Even slower than baby steps, the best I can do some days is to sit on my hands. If I am sitting on my hands, it is very hard to make much mess to clean up later.

Let's say I started down this road something like 24 years ago. There was a a time, in the winter of 1985, when I would be up in the night, lying on the bathroom floor, heartsick, the house quiet all around me, alone. Lying on that floor, between bouts of retching, I could feel the cool of the linoleum on my cheek and it was good. There in the bathroom, in the middle of the night, tortured, I found a moment's rest, my cheek pressed to the cool floor. My whole world was reduced to six square inches of cool linoleum. I could not leave that room without the terrors welling up around me. Even trying to rise from the floor filled me with awareness of all that I had done and regretted, and not done and regretted more.

It was a starting point. People taught me about acceptance. By inches, I made my way up off the floor and out of that bathroom.
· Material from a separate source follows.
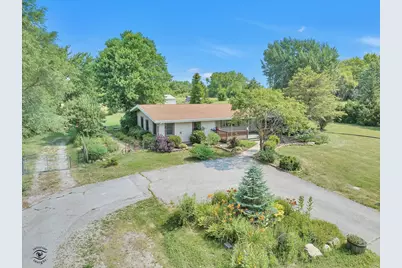 944 E County Line Road, Grant Park, IL 60940 - Photo 1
When I look where acceptance has taken me over the years, I have to pinch myself. I have fallen in love with people all over the world. I have become intimate with people and places and ideas that I could not have imagined. I have found souls all along the way who saw possibilities in me that I could not see in myself. And, I have in turn had the privilege of seeing in others strength and beauty and possibility that they could not see.

And, and, I can count a lot of days, a lot, between that barren winter of '85 and this day, this morning, this moment, a lot of days, when the best I could do was sit on my hands. And, today, I count those days sitting on my hands as good days. All in a row they brought me right here together with you. Welcome. Welcome.
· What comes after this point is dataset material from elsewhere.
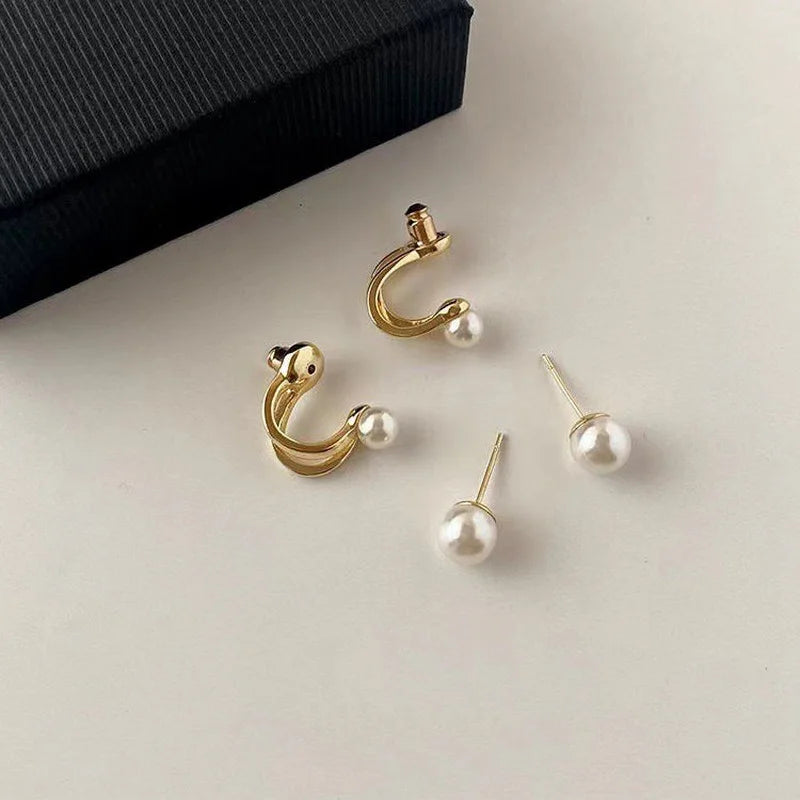 Brincos de pérolas com design irregular moda para mulheres, brincos de metal geométricos dourados.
Rest a while. There will be time. Perhaps we can sit together on our hands today. And tomorrow, there won't be much mess to clean up. And, we will rise together and sweep up and go about our day as best we are able.
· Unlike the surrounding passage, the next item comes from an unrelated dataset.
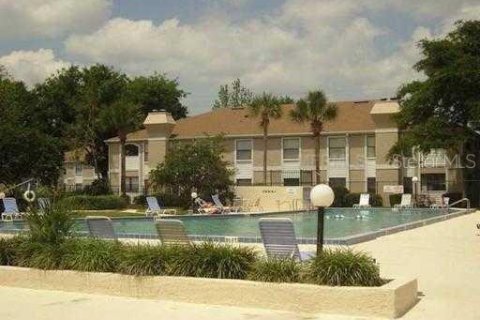 Condominio en alquiler en Orlando, Florida, 2 dormitorios, 76.92 m2 № 1847350 - foto 25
So if today is a day of hand sitting, think of it as practice. The day will surely come when someone in need calls out. We are not likely to be able to reach out and reverse time in their world -- bring parents back from the dead, retrieve a lost opportunity, a lost love -- any more than we can turn back the clock in our own world. But perhaps if we have practiced, we can sit with them, on our hands if it is that kind of day, but together. And, perhaps we will find a way in this world, just as it is, to fall in love, and see beauty and strength and possibility together.